How could we be so callous, so selfish, so fucking capitalistic to ignore this important fact whose origin I completely forgot. It boggled my mind. I went from a weekly Friday outing at Outback (shudder) to blasting my parents and friends as they stuffed hormone-filled chicken down their throats. I was speechless in the face of their wanton disregard for those starving and in, uh, somewhere else. Along the way, I read Howard Zinn, Noam Chomsky, W.E.B. DuBois and James Baldwin. I volunteered at Revolution Books, on the second floor above a Chinese laundry in Honolulu, and wrote my graduate thesis on the socialist-anarchist antiwar movement of World War I and II (strategically omitting Hitler’s diet of choice). My increasingly strict vegetarianism fueled a peaceful left-wing radicalization in politics. Then George W. Bush stole an election, 9/11 happened, and the United States entered a war we haven’t ended yet. My vegetarianism served as a badge of honor for me, intrinsically linking my actions to the liberal rhetoric I freely spouted. “Oh you’re committed? Well, do you eat meat?” I was a 22-year-old culinary Robespierre. Not that passing on a lamb shank was equivalent to standing your ground in Tiananmen Square, but hey, it’s something.

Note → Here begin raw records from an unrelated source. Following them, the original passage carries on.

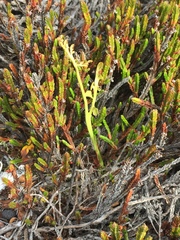 Botrychium spathulatum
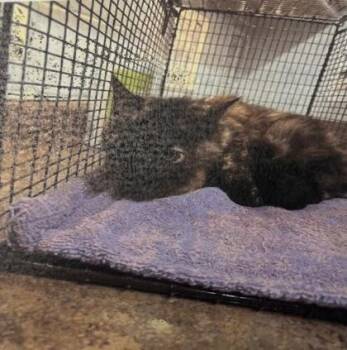 Domestic Short Hair Cats Available for Adoption in Daytona Beach, Florida - Pivot | PetCurious
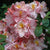 Rhododendron 'Cecile'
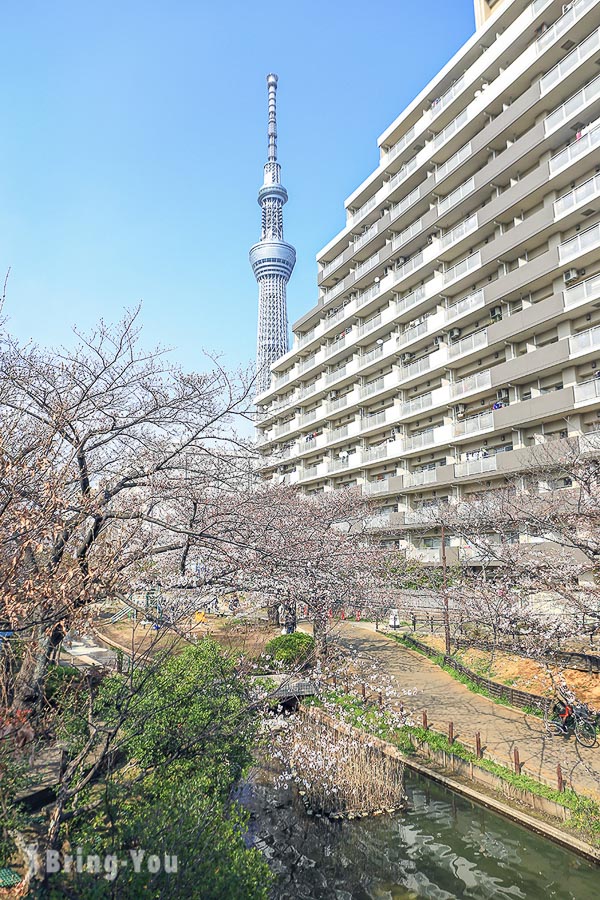 大橫川親水公園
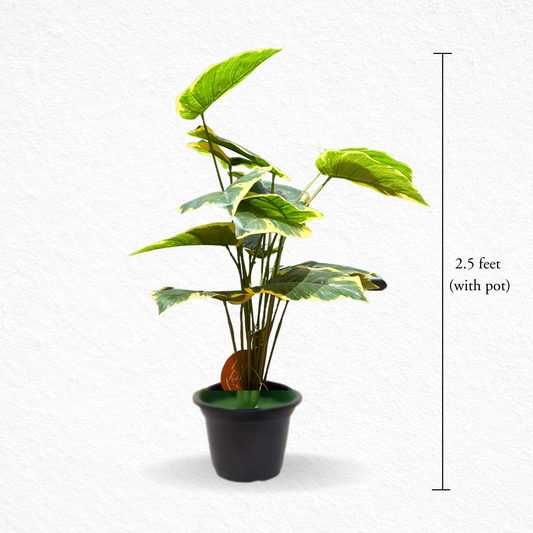 Foliant (EL-1013)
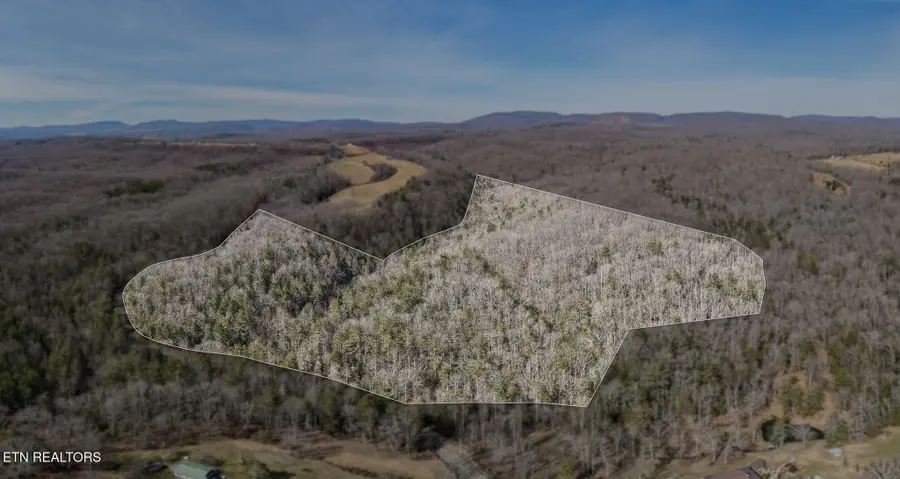 60.6 Acres Dogwood Rd, Grandview, TN 37337 - #3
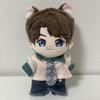 [USED] SEVENTEEN Jun 15cm Doll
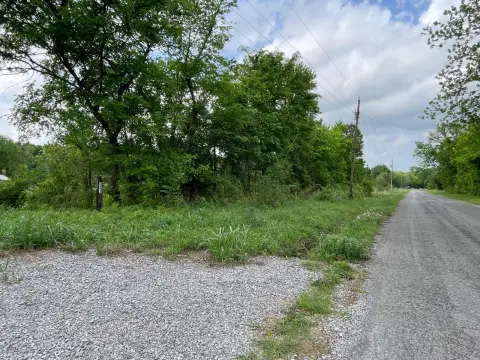 Wooded Vacant Land with Driveway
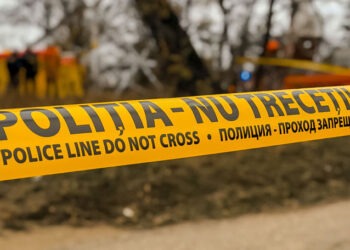 Glodeni: Un bărbat, acuzat că a târât cu mașina un cal și l-a înjunghiat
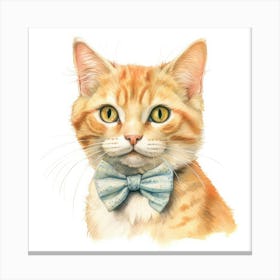 Minuet Cat Portrait 1 Canvas Print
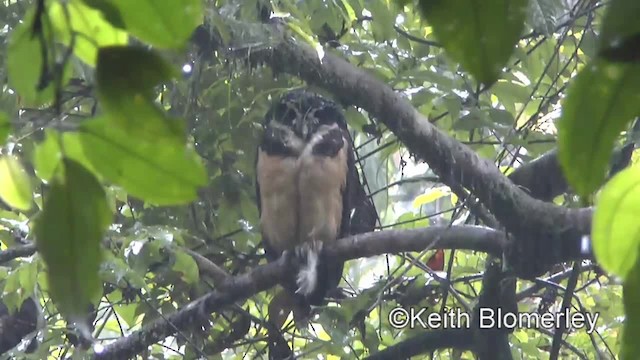 Spectacled Owl - ML201006581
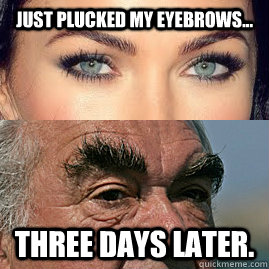 Just plucked my eyebrows... Three days later.  Eyebrows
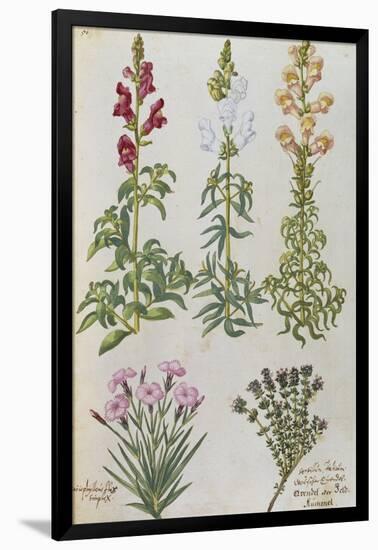 Snapdragons, Small Pink Dianthus and a Thyme. from 'Camerarius Florilegium'-Joachim Camerarius-Framed Giclee Print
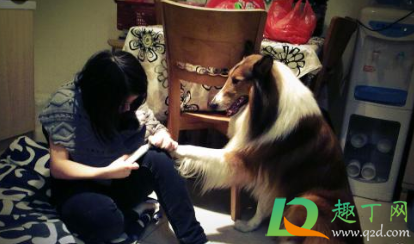 狗子剪指甲剪流血了怎么办(给狗狗剪指甲不小心剪流血了怎么办) 狗子剪指甲剪流血了怎么办(给狗狗剪指甲不小心剪流血了怎么办)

College passed, and inevitably my revolutionary rhetoric softened into the kind of practical, coffee-swilling, New Yorker–subscribing, Annie Hall–watching tap water of progressivism. I wasn’t pulling a Christopher Hitchens, I was just ... softening. Yet, my vegetarianism radicalized. I realized for years I was willfully ignoring the inconsistent morality of eating any animal products. I began watching videos of diseased milk cows and hens pumped full of hormones to produce an unhealthy amount of eggs till they died years prematurely, never to have seen the outside of a feces-filled barn. I pondered the absolute insanity of human beings’ dairy intake. How could we, the smartest species to ever exist (except from dolphins), be the only species to suckle at the teat after infancy and from another species. It was mind-boggling. Not to mention the obesity, heart disease and cancer linked to the meat, eggs and dairy we consume. So on a challenge with my then-girlfriend, we vowed to go one month without. Three years later, and not together, we were both practicing vegans. Although she seemed to think the leather from her bags and shoes was from some other magical happy slaughter factory.

Happy to be free of cow tit secretions and horse hooves or pig knuckles (that would be gelatin, candy lovers), I lost a few pounds, gained some energy, felt my mind become sharper and ran a marathon. Everything seemed to be great.

The only problem was the reaction of other people. The nature of my job has me often going to group meals, sometimes up to 10 times a month. At many of these meals, I could have walked right up to the table, lifted my fork to my glass, stood up and stated, “Good evening, folks. Hitler had some good ideas.” I would have not received the hostile, irrational reactions I did when I simply passed on the shrimp cocktail. People are furious at vegans. I don’t get it. I never gave a shit what other people ate, so let me eat this puny spinach salad and drink four bottles of wine in peace.

Yet oftentimes, as fate sometimes does, I was seated next to someone in my field I respected. Shit, maybe even admired. Someone with whom I would perhaps like to discuss something other than what I had for lunch. Someone with whom I didn’t want to speak about detrimental farming practices or where to get vegan pizza (Vinnie’s in Williamsburg, by the way). Someone who I didn’t want asking me what the hell it was I ate. After 12 years of thinking, three times over, I’d said it one too many times.

Thus leading me to the aforementioned morsel of beef that sat before me. It was tender, sinewy and perhaps the best piece of beef I’ve ever had in my life. That said, my first bovine bite didn’t shuffle me into a world of greater enjoyment. In fact, I wondered what all the fuss was about. No immediate regrets filled my mind and I still think being vegan is morally, ethically and environmentally impactful. But I was simply happy to eat, talk, listen, drink wine and revel in the thought that I’ll never have to talk about fucking food again.